Au-delà de la libération de 58 « condamnés du MSD »

La ministre de la Justice et Garde des Sceaux Aimé-Laurentine Kanyana a présidé les cérémonies de libération de 2.500 prisonniers concernés par la grâce annoncée par le président Nkurunziza dans son message à la nation de la saint Sylvestre. C’était ce lundi 23 janvier à la prison de Mpimba de Bujumbura. Une surprise même pour la ministre : l’élargissement des condamnés pour atteinte à la sûreté de l’Etat.

La ministre Aimée-Laurentine Kanyana en compagnie du procureur général de la République, Sylvestre Nyandwi ce lundi 23 janvier à la prison de Mpimba.
«A la surprise générale, 58 jeunes qui étaient de connivence avec Sinduhije le 8 mars 2014 viennent d’être graciés.

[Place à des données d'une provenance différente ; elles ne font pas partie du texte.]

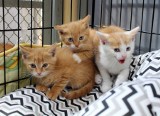 Kociarnia w łódzkim schronisku jest przepełniona, na szczęście małe koty znajdują nowe domy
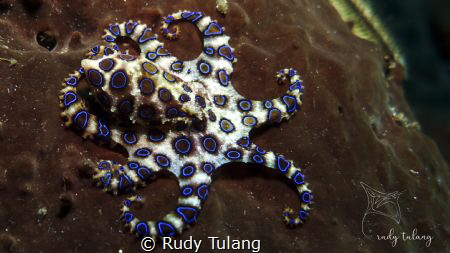 i am danger... beware..! by Rudy Tulang 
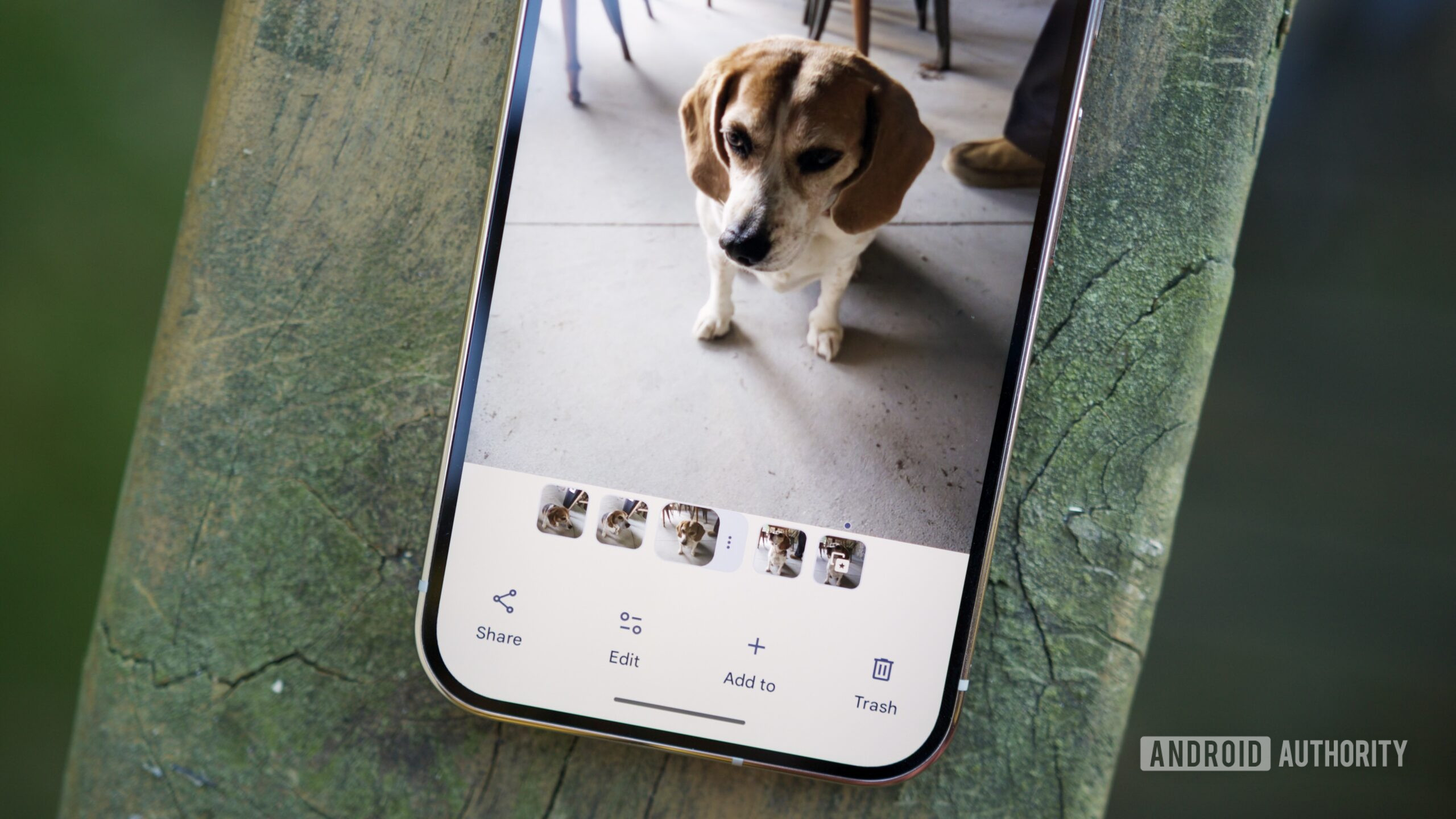 Google confirms it’s working on a fix for that Photos bug preventing sharing, deleting, and editing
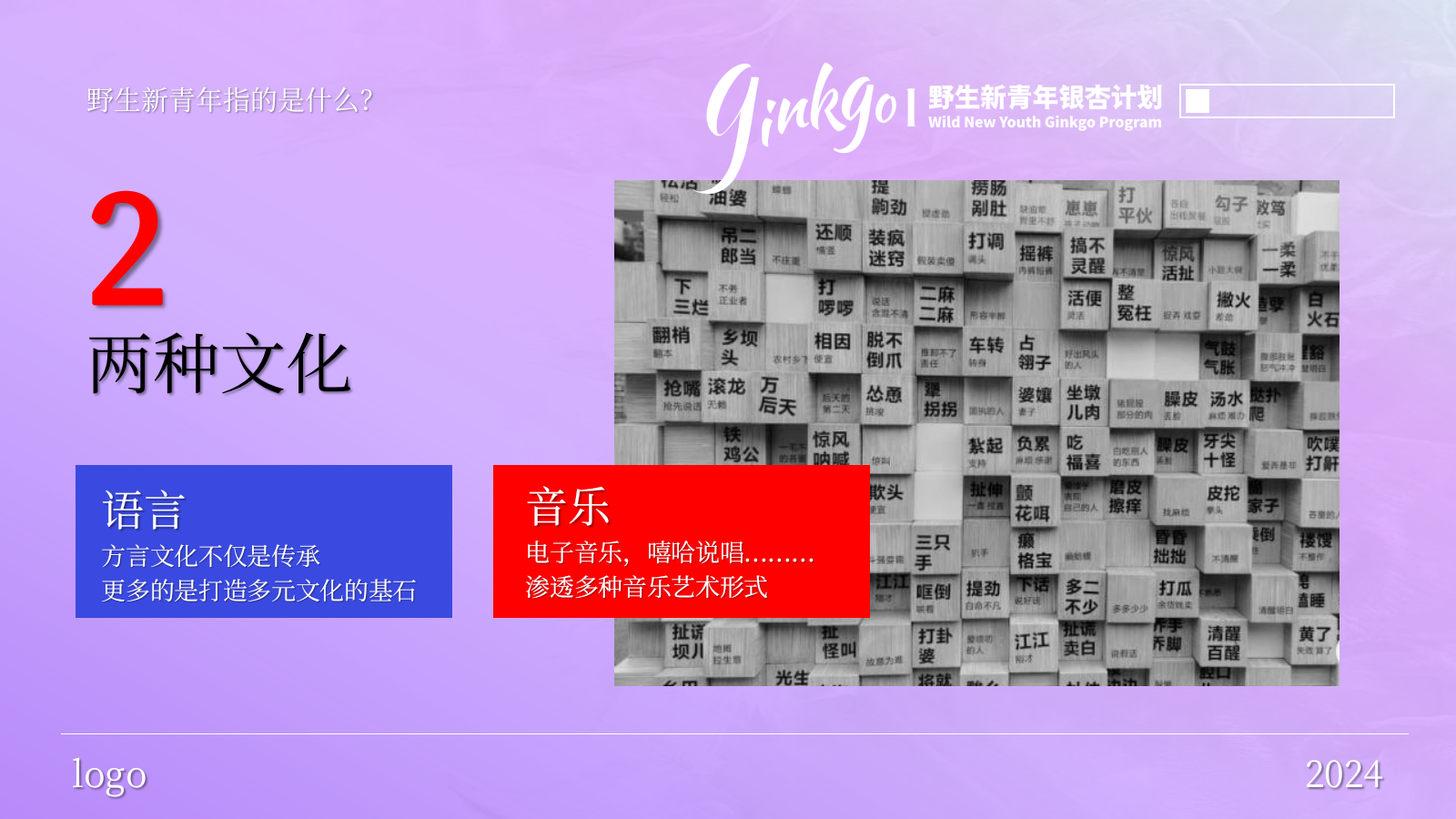 野生新青年银杏音乐节活动策划方案.pptx_第5页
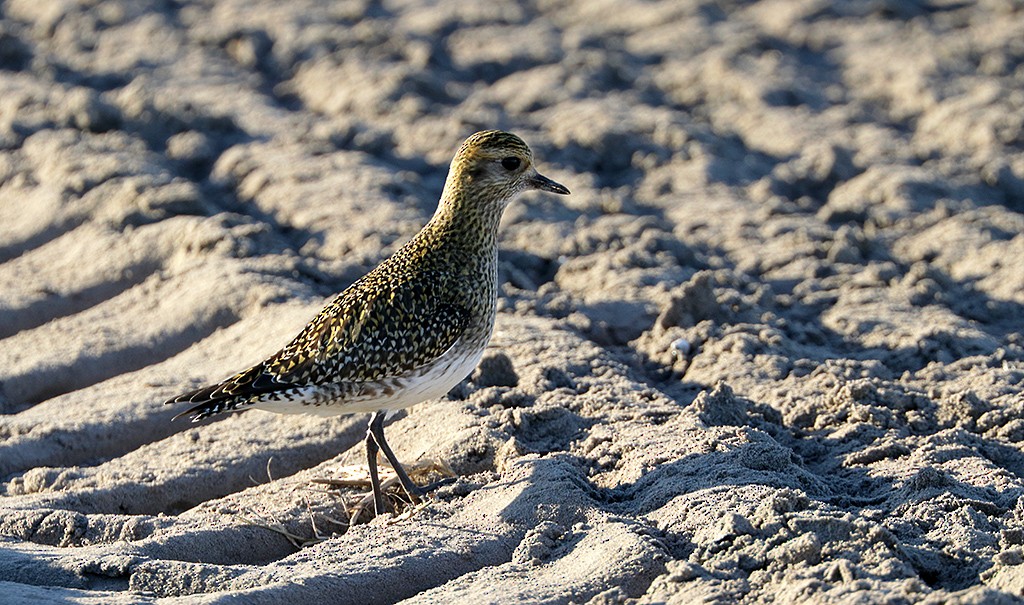 European Golden-Plover - ML134994611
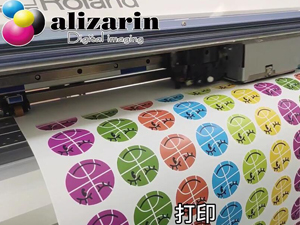 福州利来w66-深色靓贴 HTW-300SP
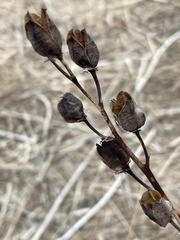 Camassia quamash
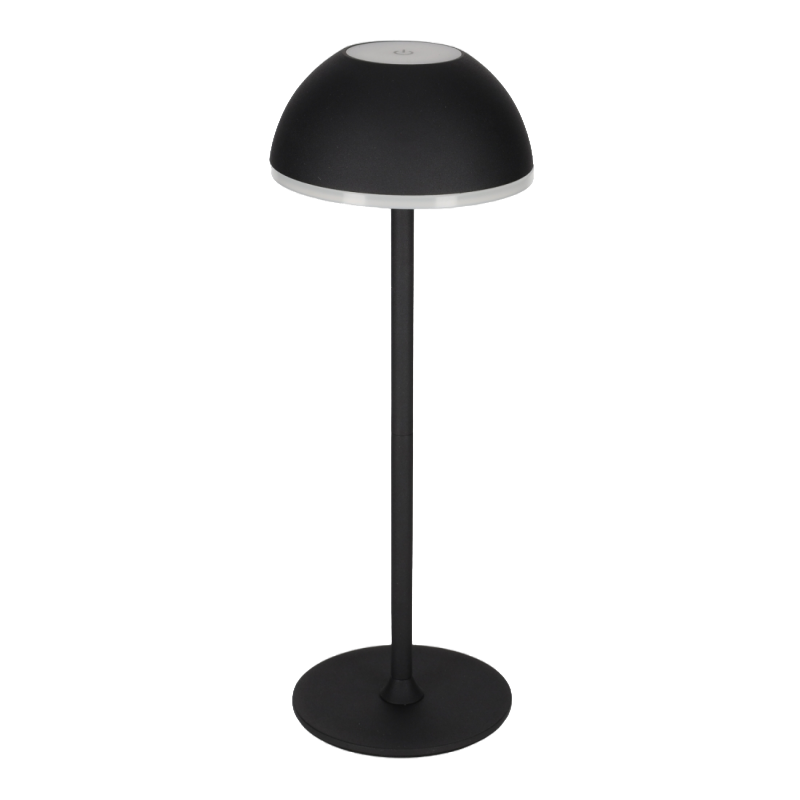Guirlande lumineuse festive ProGarden 7,5 m, 50 micro-LED, éclairage d'extérieur EDCB60022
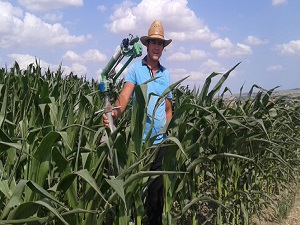 Çiftçinin aşırı sıcakta zorlu mesaisi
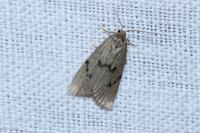Apaidia mesogona
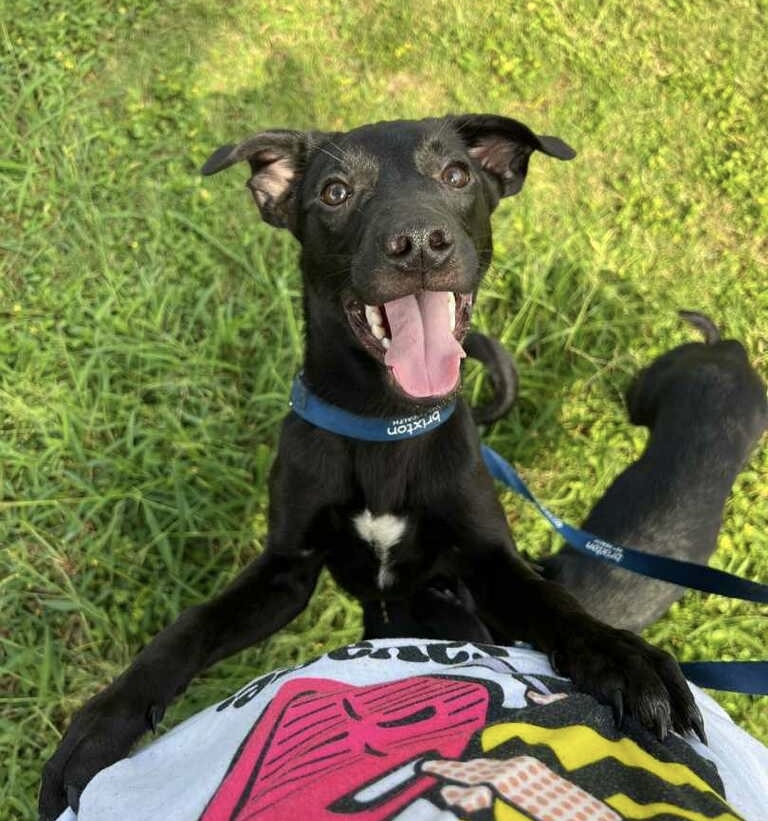 Lorelai, an adoptable Labrador Retriever in Harlingen, TX, 78550 | Photo Image 3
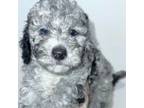 Mutt Puppy for sale in Twentynine Palms, CA, USA
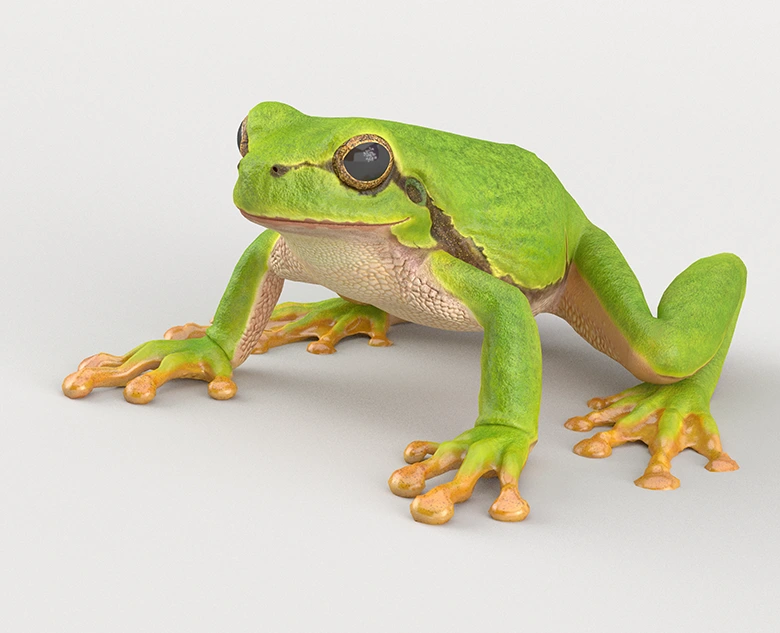 真实两栖动物绿色树蟾 绑定动画特效模型VFXGrace - Tree Frog
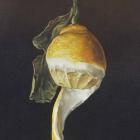 Till Rabus, Acrobatic Still Life 10, 2020, Huile sur toile, 45 x 27 cm, Collection privée © Till Rabus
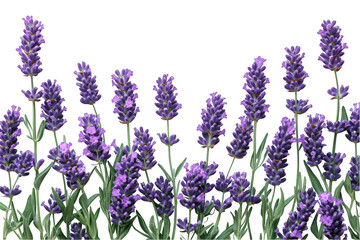 Naklejka premium Vibrant lavender flowers against a clean white background.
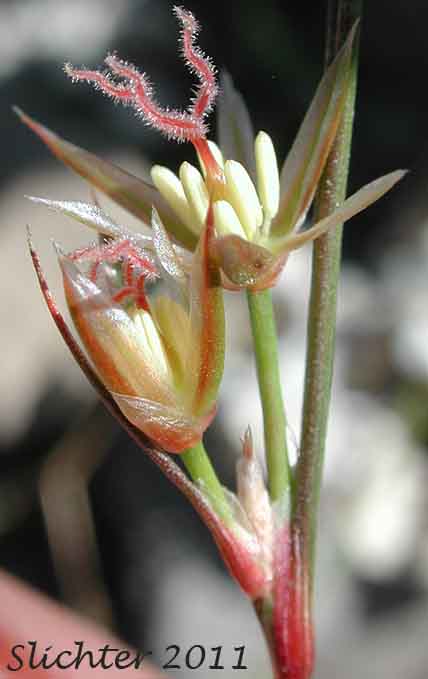 Close-ups of the flowers of Parry's Rush: Juncus parryi (Synonyms: Juncus drummondii var. parryi, Juncus hallii)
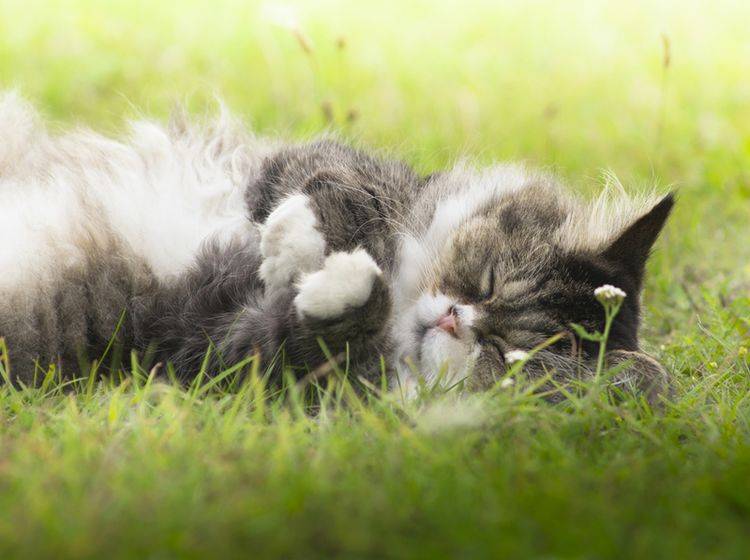 Schwere Entscheidung: Wann sollte man eine alterschwache Katze einschläfern? – Bild: Shutterstock / VICUSCHKA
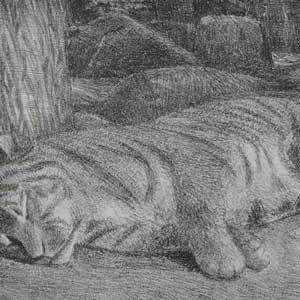 sleeping tiger, No.2/lithograph/205*310mm (image)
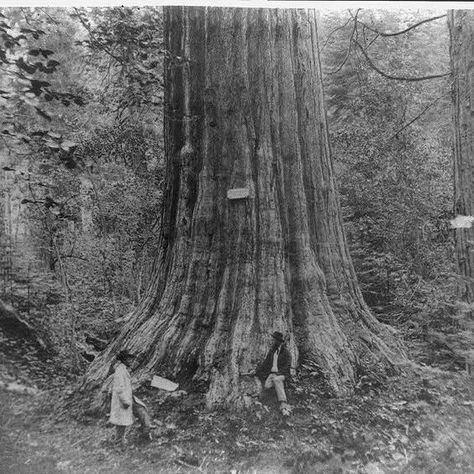 The Current State of American Chestnut Tree Conservation - FineGardening Chestnut Tree, American Chestnut, Planting Tips, Chestnut Trees, Fine Gardening, Bountiful Harvest, Forest Service, Native American Tribes, University Of Tennessee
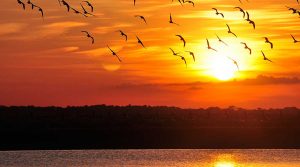 atardecer-llanero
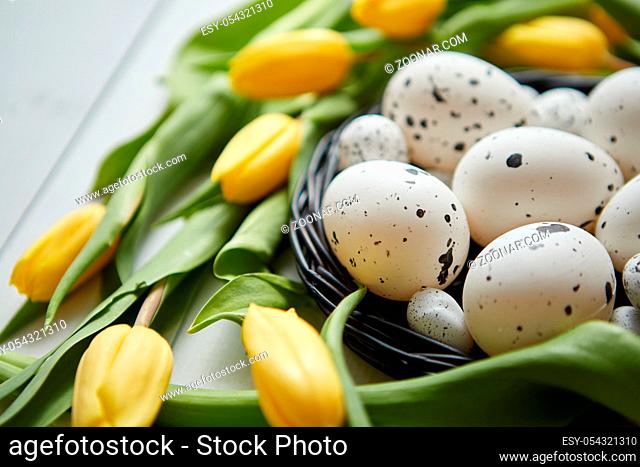 Beautiful yellow tulips with dotted quail and chicken eggs in nest on white wooden background. Spring and Easter holiday concept with copy space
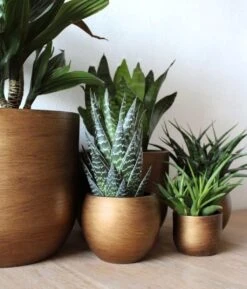 Capi Europe - Bloempot Bol Retro XL - 42x41 - Goud - Bloempot Voor Binnen - Opening ⌀36 - RTG933 -Tuinverzorgings Winkel 1024x1200 3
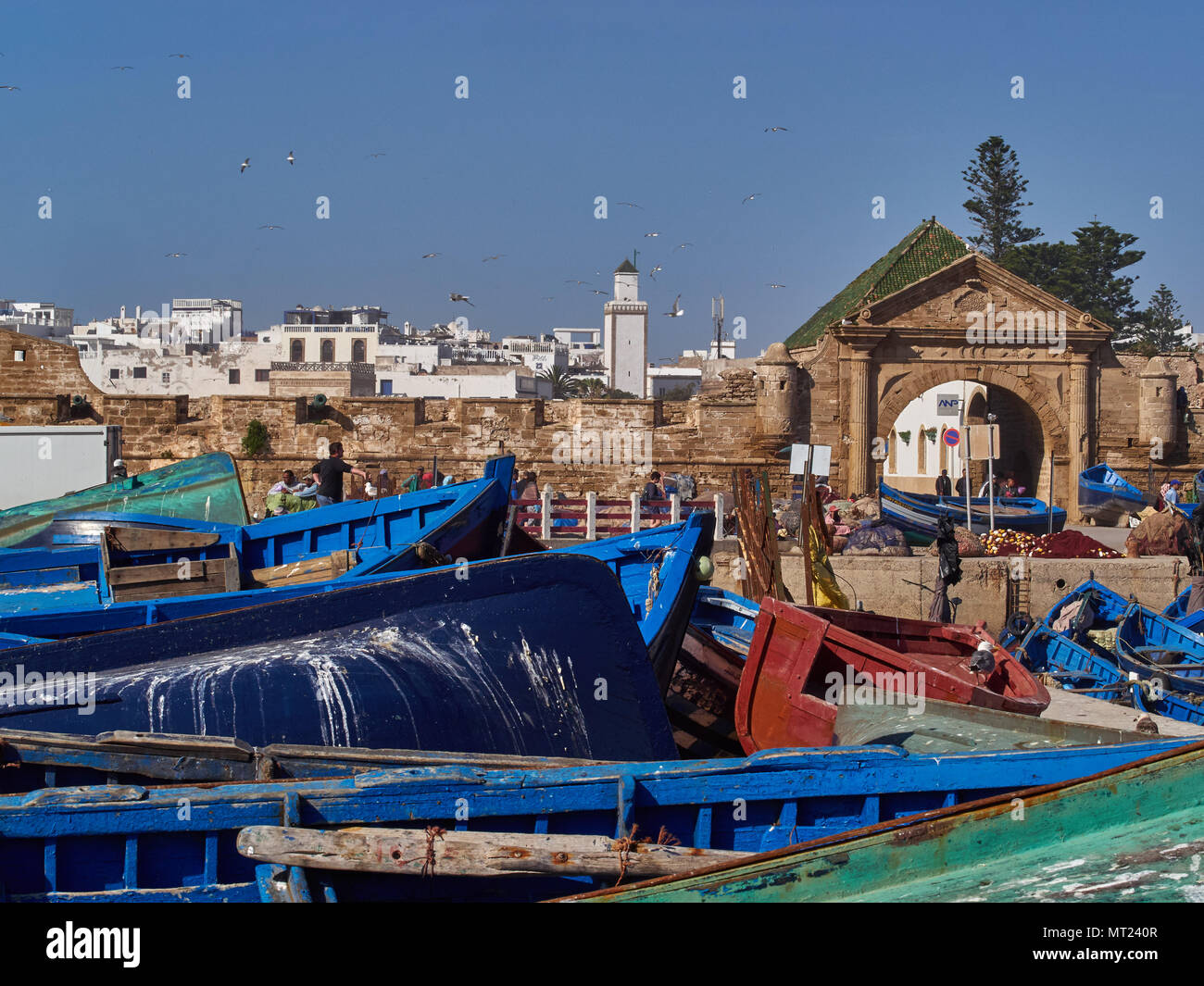 Port de la ville d'Essaouira, bateaux en bois bleu vif au premier plan, en arrière-plan des bâtiments en pierre de l'ancienne médina, Maroc. Banque D'Images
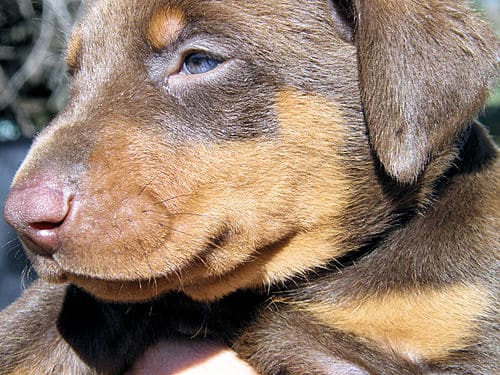 red and rust male doberman puppy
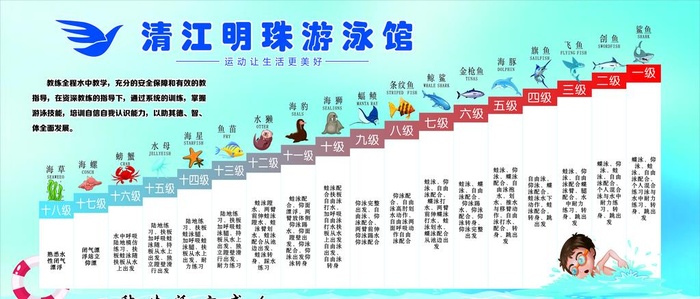 游泳馆图片cdr矢量模版下载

Ce jour-là, à la permanence de leur parti, ces jeunes clamaient qu’ils voulaient renverser les institutions élues par la population. Ils se sont même permis de désarmer et de prendre en otage des agents de police. Vous comprenez qu’ils étaient condamnés pour une infraction grave et qu’ils ne méritaient pas la grâce ». Déclaration à la presse de la ministre Kanyana qui ajoute que la décision a été motivée par le fait que la situation sécuritaire s’est sensiblement améliorée dans le pays et que le président Nkurunziza est confiant que ces jeunes ne récidiveront pas.

Prudence chez Laurent Delahousse, ambassadeur de France au Burundi : « J’ai pris connaissance de l’annonce des autorités burundaises que des membres du MSD seraient parmi les prisonniers graciés et libérés. Si c’est bien le cas, ce serait une excellente nouvelle. J’attends que la liste précise des personnes en question soit publiée et que leur sécurité soit attestée avant de me prononcer.”

Au-delà d’une décision saluée par les politiques

Le vice-président du Sahwanya-Frodebu salue la mesure mais trouve trouve que rien n’est gratuit : « Le gouvernement du Burundi répond aux exigences de la sous-région qui demande la création d’un environnement propice au dialogue. Il répond aussi aux exigences de Bruxelles qui conditionne la reprise de la coopération avec le Burundi à la libération des prisonniers politiques ».

Léonce Ngendakumana renchérit : « Le pouvoir Cndd-Fdd veut gagner de la crédibilité pour augmenter ses chances de continuer sur sa voie de préparer les élections de 2020 ». Il glose aussi sur cette grâce « qui n’a pas touché tous les contestataires du troisième mandat”.

L’ancien président de l’Assemblée Nationale remarque que « si le gouvernement avait demandé au Parlement de voter une loi d’amnistie, la libération aurait touché un plus grand nombre de prisonniers. » En outre, « une loi d’amnistie aurait été plus crédible que la grâce décrétée par le président de la République » et de conclure que « l’actuelle libération risque d’être interprétée comme de la pure propagande de Pierre Nkurunziza ».

Quant à Jacques Bigirimana, président du parti FNL il salue aussi la mesure de libération des prisonniers : « Elle est conforme à ce que demande la facilitation de Mkapa et à celle de la communauté internationale. Cette libération est aussi conforme aux recommandations du sommet des chefs d’Etats de Kigali de l’année passée ». Par-dessus tout, cette libération « est une réponse aux doléances de la population lors du dialogue inter-burundais ».

Toujours selon M. Bigirimana, “des réfugiés rentrent au pays et sont réintégrés”. Cette libération vient à son tour s’inscrire dans le cadre de “la création d’un climat encore plus propice en vue des élections de 2020 “.

Côté société civile, les associations de défense des droits des prisonniers reviennent sur la surpopulation carcérale. Pour Jean Pierre Nintertse, président de l’association volontaire pour la défense des droits des prisonniers, « la libération de seulement 2.500 prisonniers sur les 10.049 du mois de décembre 2015 est presqu’un geste symbolique ».